The pandemic dominated journalism this year and last, but I wanted to use this last post of 2021 to give a round-up of the work I’ve been lucky enough to carry out this year, what I’m doing next year – and to thank everyone with whom I’ve worked – whether as a collaborator, an editor or as an interviewee.
I’ve written on subjects ranging from disability, to environmental justice, to the history of forced migration, as well as the plight of Afghan nationals, both here and stuck in Afghanistan, in a rapidly deteriorating situation. I’ve worked increasingly on the rights of Gypsy and Traveller communities, in a year in which the right to live a nomadic life has been put under extreme threat by the Johnson administration – and looked at the effect of hostility on community members. I wrote a long-read about the ten year anniversary since the eviction of Dale Farm, considering its lasting legacy.

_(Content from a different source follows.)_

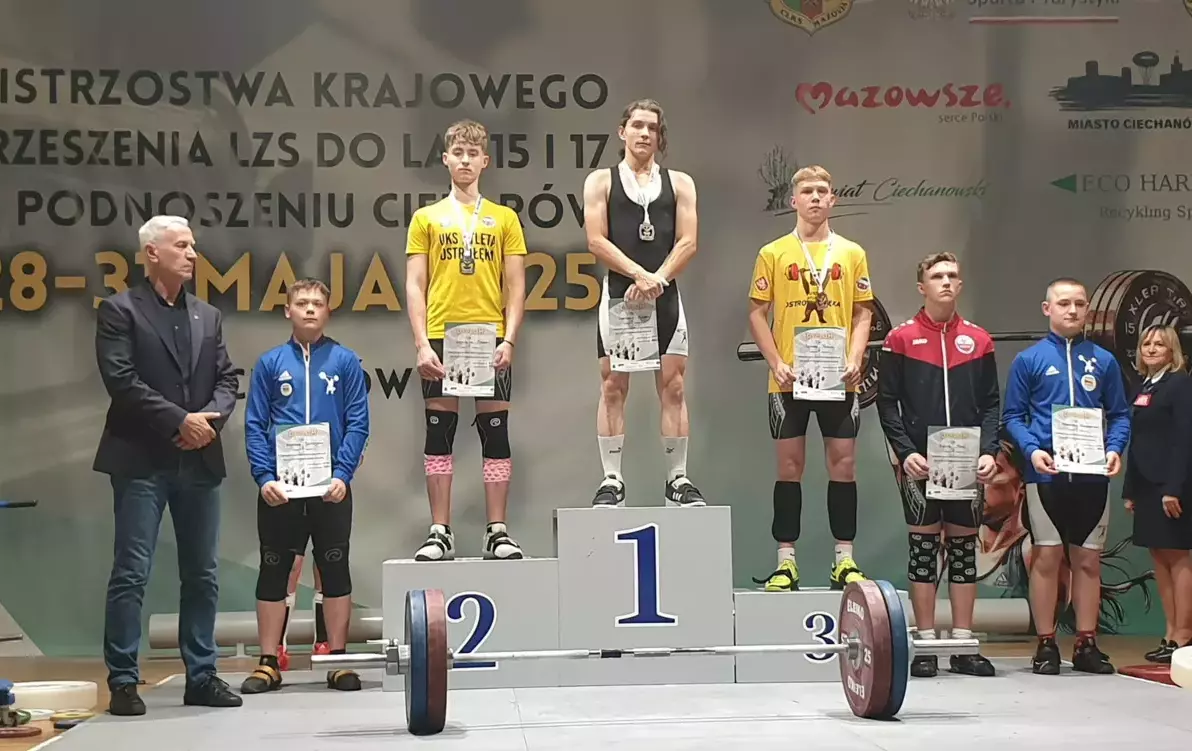 Zdjęcie do Sportowy sukces naszych uczni&oacute;w
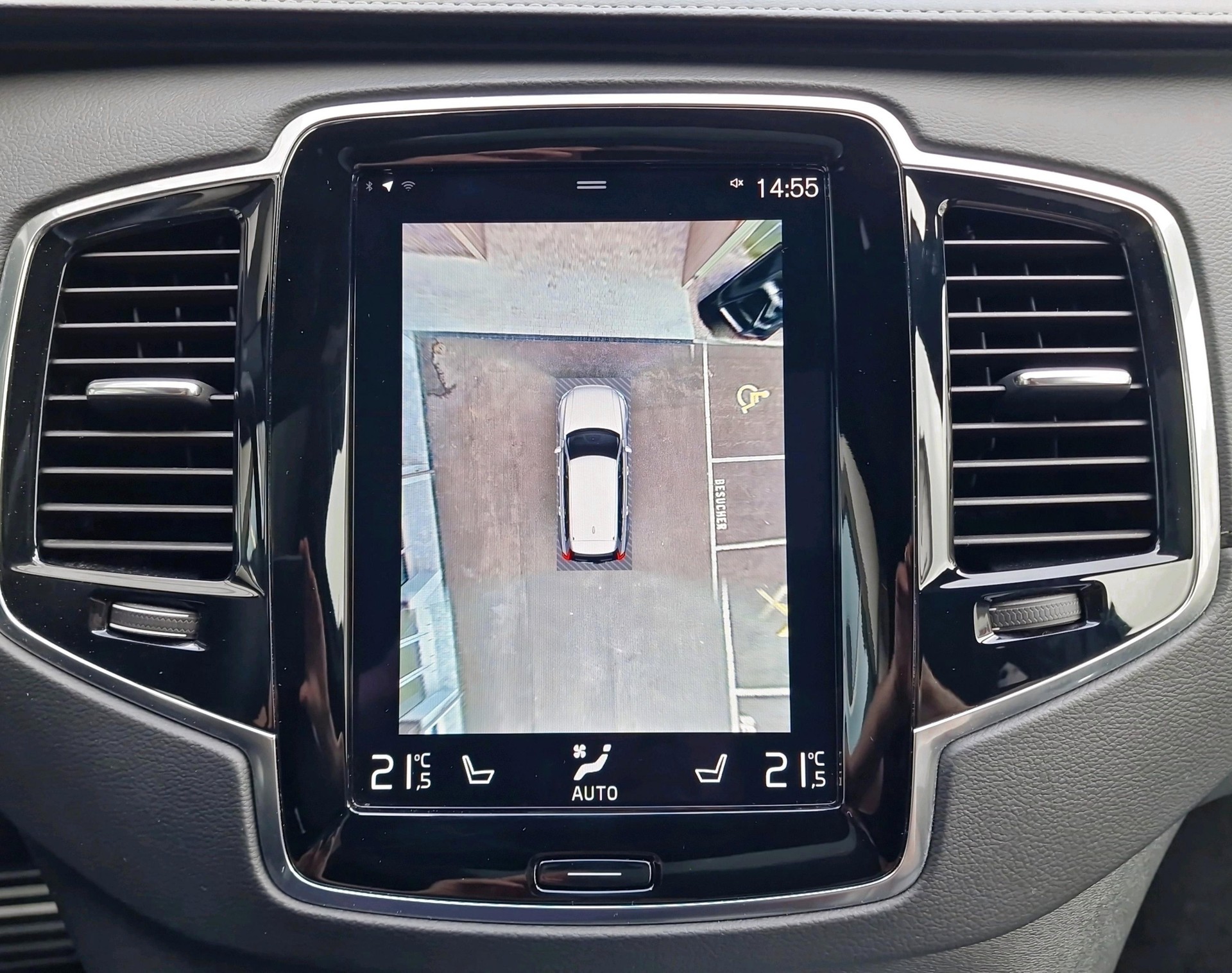 VOLVO XC90 T8 eAWD R-Design-image-17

I was also lucky enough to be asked to work with the veteran disability rights campaigner, Alicia Wood, in co-creating a new website, Dying to Matter, which aims to memorialise the deaths of those dying in institutional care. Our launch article was my long-read about the death of Danny Tozer. It’s a hard read, and I want to thank Danny’s family for being so generous with their time. I hope it’s a fitting tribute to a much loved son. Do visit the website if you’d like to read more, or post a memorial of a loved family member who died in care. We will start to post them as soon as possible.
Friendship and family has been a real comfort this year. Books too, so I’m including a link to some of the books I’ve reviewed. I enjoyed books by Pat Barker, Nigel Farndale and Meg Keneally, among many others.
I also reviewed three books that, in different ways, explored the rich experience of disability and family – by Jan Grue, Jessica Moxham and Melanie Pearson. All recommended.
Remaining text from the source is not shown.